Washington Physicians Fight To Improve Patient Access To Care, Protect Patient Safety, And Improve Quality

Jan 31, 2013, 13:21 ET from Washington State Medical Association

Washington State Medical Association (WSMA) Weighs in on Legislation in Olympia

OLYMPIA, Wash., Jan. 31, 2013 /PRNewswire-USNewswire/ -- As expected, there are many issues being discussed in the 2013 state legislative session that affect physicians and patients in our state. The Washington State Medical Association (WSMA) is working to make sure the voices of physicians are heard to improve patient access to care, protect patient safety, and improve quality, without putting added burdens on physicians.

"With all of the recent change in the health care system, there has never been a more challenging time to practice medicine," said Nick Rajacich, MD, president of the WSMA. "Physicians must be at the table as these big decisions are being made and implemented because they will have a lasting impact not only on physicians practicing medicine, but on patient access to quality, safe health care. Washington's physicians will continue to fight for our patients."

Here are some issues on which the WSMA is advocating:

Health Benefit Exchange – Our state is currently developing a health benefit exchange—Washington Healthplanfinder—allowing all Washington residents to choose the health plan that is right for them and their families. Individuals whose incomes fall between 133 percent and 400 percent of the federal poverty level will qualify for a federal subsidy to help purchase products on the Exchange. It's estimated that 532,000 Washingtonians would be eligible for federal subsidies to purchase plans through our state's Exchange and that 280,000 people in our state are likely to take advantage of the program by the end of 2014. By 2017, that number could grow to over 470,000. All of these newly-insured patients will need physicians to care for them. WSMA is working to ensure there is access to care through adequate provider networks before these insurance products are offered to the public.

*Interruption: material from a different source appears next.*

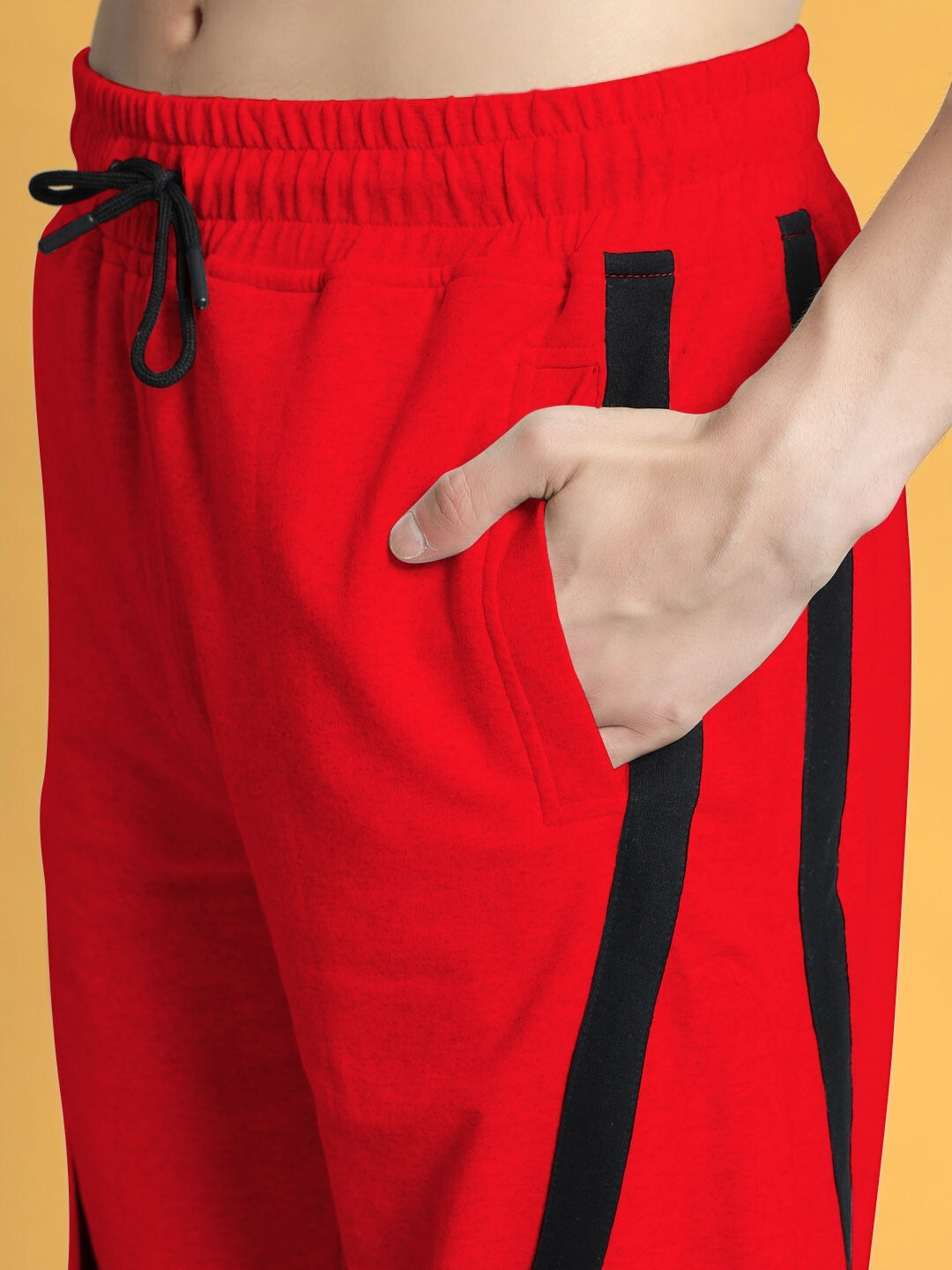 DUDS FRAME JOGGERS (RED)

Medicaid Expansion – It is expected that there will be 260,000 new Medicaid enrollees by 2019, an increase of more than 25 percent. The WSMA is working closely with the state legislature and the Health Care Authority to ensure there are adequate provider networks in place as these new patients will need physicians to care for them, and that physicians' reimbursement is not further reduced.

Emergency Room Visits and PMP Funding – Last year the WSMA, the state hospital association and emergency physicians worked together to successfully implement the "Seven Best Practices" to reduce unnecessary emergency room use by Medicaid patients, saving the state $31 million. Part of that success is attributed to widespread participation in the Prescription Drug Monitoring Program (PMP) which will run out of funds in July. In the past there have been efforts to fund the program via physician licensure fees. The WSMA will oppose those efforts and instead will propose the Medicaid Fraud Account as a dedicated funding source. We will continue to work with our coalition and the state to broaden our success and make sure physicians are involved in any new policy developments.

Contracting Fairness – WSMA will introduce legislation to require an affirmative response from the physician to any material changes in provider contracts. In addition, the WSMA supports legislation that prohibits tying physician licensure with participation in any third-party insurance programs, including state health care programs.

Degree and Training Transparency –The WSMA believes that all healthcare professionals should clearly and accurately identify themselves to patients. Many healthcare professionals can earn advanced degrees that carry the title "doctor," including doctor of physical therapy, doctor of nursing, doctor of psychology, doctor of audiology, doctor of naturopathy, doctor of chiropractic, doctor of optometry and more. The WSMA will support legislation for full disclosure to patients of a doctor's professional degree and training.

Budget and Delivery System Reform – The WSMA is a proactive participant in advocating for other changes, including:

  • Further adoption of the advanced medical home concept
  • Defending against cuts to physician payment by state health care programs
  • Ensuring expiration of the physician B&O tax.

"Having a strong voice in Olympia representing physicians and physician assistants across Washington state is needed now more than ever," added Dr. Rajacich.